*Record extracts*
== Segment start ==

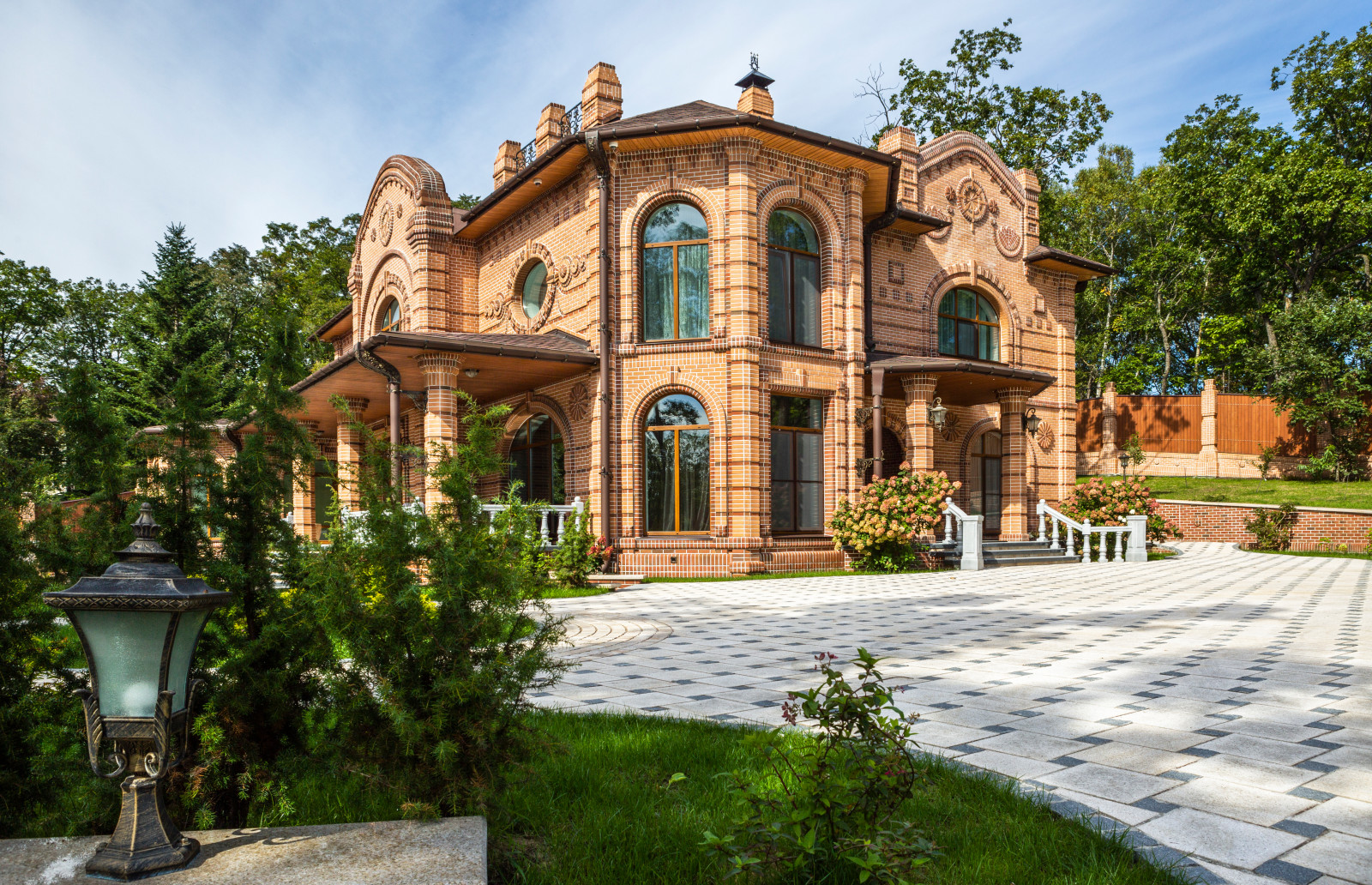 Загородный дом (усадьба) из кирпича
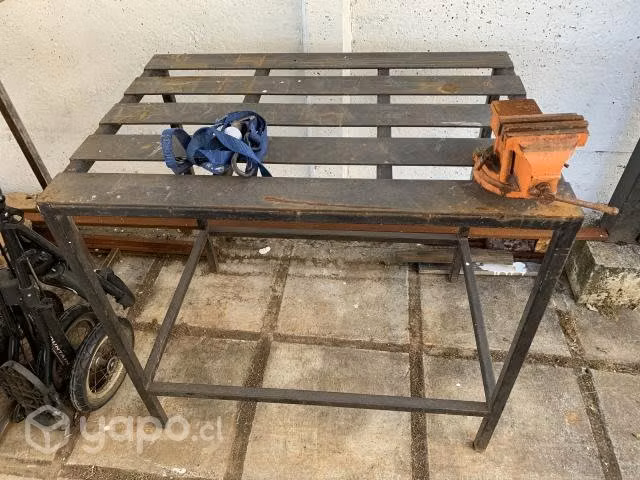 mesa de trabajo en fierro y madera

== Segment end ==
== Segment start ==

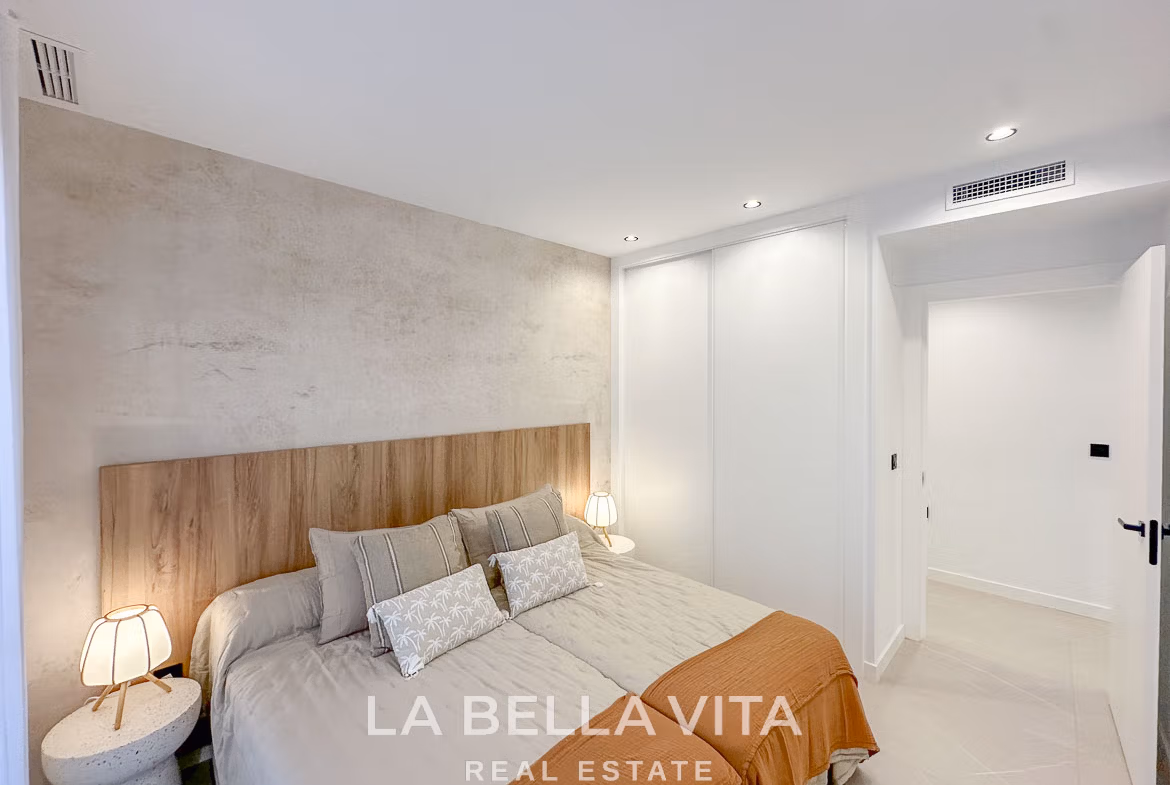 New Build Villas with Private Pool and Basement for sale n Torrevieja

== Segment end ==

*Task directions*
From the data above, retype only the lines starting with the line with "Загородный дом (усадьба) из кирпича" and going on through the line with "mesa de trabajo en fierro y madera", exactly, leaving out the pictures.

*Solution to this task*
 Загородный дом (усадьба) из кирпича
 mesa de trabajo en fierro y madera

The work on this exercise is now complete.